代表的な品種  

ここでは、代表的な品種と、その役割について簡単にふれます。


【サラブレッド】 Thoroughbred 原産地:イギリス 平均体高:160〜162cm

日本で一番馴染み深い、競馬に用いられる馬です。競争能力を改良目標に、イギリス在来のランニング・ホースに東洋原産の馬を交配することで過去、約300年間改良されてきました。1660年にチャールズ2世が即位して以来、競走馬の品種改良が促進されてきました。
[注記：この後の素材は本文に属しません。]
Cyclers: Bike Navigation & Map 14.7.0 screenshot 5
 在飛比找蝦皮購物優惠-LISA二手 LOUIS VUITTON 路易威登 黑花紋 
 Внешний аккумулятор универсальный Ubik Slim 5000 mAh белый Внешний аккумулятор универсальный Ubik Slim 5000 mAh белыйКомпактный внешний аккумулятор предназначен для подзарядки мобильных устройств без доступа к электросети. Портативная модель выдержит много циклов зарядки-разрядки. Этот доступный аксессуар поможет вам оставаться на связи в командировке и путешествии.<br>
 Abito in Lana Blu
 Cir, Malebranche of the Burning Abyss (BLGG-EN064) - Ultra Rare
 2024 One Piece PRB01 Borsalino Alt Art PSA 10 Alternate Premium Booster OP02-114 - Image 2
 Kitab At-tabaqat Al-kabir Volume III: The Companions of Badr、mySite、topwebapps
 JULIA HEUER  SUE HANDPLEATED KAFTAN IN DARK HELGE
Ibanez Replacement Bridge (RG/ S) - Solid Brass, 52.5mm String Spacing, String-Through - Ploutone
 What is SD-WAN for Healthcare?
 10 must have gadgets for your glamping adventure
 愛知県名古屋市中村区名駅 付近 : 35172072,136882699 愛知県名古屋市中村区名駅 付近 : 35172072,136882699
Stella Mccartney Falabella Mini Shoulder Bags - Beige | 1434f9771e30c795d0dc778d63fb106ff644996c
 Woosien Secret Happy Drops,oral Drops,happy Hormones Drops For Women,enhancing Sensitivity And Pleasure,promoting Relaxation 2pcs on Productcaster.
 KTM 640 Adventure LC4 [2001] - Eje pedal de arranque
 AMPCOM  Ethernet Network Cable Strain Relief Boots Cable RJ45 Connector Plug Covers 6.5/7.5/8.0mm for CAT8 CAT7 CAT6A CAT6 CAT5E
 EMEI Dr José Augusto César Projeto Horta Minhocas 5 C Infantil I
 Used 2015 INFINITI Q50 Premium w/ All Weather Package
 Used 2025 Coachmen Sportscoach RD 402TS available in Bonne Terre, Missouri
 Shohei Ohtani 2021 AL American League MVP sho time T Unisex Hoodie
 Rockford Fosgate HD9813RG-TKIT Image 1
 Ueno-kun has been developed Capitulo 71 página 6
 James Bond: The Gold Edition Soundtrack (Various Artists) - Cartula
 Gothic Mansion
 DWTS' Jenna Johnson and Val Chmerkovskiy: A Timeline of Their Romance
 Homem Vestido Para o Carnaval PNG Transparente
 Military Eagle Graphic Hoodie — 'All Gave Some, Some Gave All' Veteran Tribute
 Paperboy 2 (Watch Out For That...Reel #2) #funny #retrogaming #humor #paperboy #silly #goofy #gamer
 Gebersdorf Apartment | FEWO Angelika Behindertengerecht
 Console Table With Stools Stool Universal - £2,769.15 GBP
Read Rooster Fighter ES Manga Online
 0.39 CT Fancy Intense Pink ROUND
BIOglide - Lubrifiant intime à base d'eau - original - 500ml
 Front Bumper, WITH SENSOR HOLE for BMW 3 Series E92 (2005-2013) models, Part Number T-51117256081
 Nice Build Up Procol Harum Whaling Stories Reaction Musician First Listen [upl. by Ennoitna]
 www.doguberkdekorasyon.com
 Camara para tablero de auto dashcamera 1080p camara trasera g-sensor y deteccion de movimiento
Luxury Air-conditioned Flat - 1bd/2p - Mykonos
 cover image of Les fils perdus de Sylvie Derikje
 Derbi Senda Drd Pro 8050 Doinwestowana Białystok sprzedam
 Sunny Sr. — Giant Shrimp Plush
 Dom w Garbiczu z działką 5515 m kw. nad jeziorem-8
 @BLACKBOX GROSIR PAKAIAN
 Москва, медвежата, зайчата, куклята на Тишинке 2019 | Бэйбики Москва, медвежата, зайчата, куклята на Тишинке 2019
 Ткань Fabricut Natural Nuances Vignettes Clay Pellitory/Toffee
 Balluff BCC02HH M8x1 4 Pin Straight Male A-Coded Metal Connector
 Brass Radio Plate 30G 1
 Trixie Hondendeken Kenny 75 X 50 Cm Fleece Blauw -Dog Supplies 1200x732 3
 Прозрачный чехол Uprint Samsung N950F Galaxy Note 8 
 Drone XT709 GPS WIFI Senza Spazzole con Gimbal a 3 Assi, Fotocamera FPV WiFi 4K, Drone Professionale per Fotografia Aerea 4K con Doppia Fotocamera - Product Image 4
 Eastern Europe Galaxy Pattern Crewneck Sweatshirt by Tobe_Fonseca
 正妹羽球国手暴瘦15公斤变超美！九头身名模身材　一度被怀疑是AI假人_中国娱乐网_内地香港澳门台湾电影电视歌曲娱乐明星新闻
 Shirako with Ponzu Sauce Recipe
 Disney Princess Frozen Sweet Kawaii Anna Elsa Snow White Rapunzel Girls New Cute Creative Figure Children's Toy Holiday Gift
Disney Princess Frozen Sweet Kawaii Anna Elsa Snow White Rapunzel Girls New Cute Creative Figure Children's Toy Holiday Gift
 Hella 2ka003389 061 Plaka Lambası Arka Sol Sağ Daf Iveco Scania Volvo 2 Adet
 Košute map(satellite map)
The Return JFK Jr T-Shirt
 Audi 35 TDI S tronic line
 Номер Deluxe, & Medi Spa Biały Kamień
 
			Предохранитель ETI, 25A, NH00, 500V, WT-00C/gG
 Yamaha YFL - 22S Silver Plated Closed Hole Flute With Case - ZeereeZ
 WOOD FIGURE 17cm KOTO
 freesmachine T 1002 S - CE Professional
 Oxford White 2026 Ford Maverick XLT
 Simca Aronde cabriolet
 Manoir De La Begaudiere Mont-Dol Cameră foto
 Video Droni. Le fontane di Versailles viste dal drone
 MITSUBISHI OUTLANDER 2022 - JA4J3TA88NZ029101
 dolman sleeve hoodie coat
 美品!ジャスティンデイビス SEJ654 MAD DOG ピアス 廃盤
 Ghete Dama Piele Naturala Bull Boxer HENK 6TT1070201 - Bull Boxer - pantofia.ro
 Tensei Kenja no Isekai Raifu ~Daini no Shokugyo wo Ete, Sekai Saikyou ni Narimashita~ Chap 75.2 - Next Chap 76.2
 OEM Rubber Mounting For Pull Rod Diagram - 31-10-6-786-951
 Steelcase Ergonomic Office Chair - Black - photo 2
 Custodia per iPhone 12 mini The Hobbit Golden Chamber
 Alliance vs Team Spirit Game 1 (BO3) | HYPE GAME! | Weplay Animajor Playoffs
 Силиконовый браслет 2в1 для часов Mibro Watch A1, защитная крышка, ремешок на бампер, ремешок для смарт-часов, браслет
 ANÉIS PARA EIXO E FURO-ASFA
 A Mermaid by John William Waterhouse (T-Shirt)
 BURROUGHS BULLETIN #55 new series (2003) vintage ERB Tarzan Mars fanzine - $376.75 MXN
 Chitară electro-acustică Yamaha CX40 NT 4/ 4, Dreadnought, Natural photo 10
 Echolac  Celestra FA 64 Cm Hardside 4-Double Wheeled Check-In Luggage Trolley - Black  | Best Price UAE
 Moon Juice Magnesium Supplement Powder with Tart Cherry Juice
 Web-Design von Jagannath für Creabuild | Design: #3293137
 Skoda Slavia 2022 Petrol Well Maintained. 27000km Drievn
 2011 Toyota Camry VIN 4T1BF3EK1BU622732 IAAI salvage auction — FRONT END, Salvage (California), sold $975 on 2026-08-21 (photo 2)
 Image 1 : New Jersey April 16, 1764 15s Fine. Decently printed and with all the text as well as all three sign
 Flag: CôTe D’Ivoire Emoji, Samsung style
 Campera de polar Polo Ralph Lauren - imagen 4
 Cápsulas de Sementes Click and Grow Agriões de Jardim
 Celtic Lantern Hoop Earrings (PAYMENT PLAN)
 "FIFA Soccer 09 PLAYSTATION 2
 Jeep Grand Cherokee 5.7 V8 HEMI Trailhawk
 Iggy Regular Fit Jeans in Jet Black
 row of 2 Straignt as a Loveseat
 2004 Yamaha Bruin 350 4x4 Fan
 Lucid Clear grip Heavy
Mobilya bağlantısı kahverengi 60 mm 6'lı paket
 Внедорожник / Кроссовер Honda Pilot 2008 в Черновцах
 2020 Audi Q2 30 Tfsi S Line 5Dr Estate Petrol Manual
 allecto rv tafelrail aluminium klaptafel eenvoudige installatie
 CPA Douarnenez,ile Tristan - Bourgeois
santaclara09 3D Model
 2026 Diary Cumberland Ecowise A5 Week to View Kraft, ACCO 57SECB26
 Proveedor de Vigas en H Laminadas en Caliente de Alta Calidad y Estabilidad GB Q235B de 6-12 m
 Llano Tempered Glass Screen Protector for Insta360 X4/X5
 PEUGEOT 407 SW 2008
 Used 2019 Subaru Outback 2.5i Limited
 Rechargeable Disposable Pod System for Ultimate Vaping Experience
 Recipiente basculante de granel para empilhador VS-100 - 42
品種の根幹となった3頭の種雄馬、バイアリー・ターク、ダーレー・アラビアン、ゴドルフィン・アラビアンはよく知られています。



【アラブ】 Arab 原産地:中近東 体高:142〜150cm

アラビア半島を起源とする馬をベドウィンの人々が2,000年以上にわたって改良して出来上がった品種です。中世初頭からヨーロッパでも軽快な乗用馬として知られ、その美しさゆえに世界各国に愛好家がいます。改良の中心は近世初期ポーランドよりエジプト→イギリスと変換し、1900年代にはアメリカがその中心になりました。持久力にすぐれ、サブレットをはじめ世界中の馬の品種改良に用いられてきました。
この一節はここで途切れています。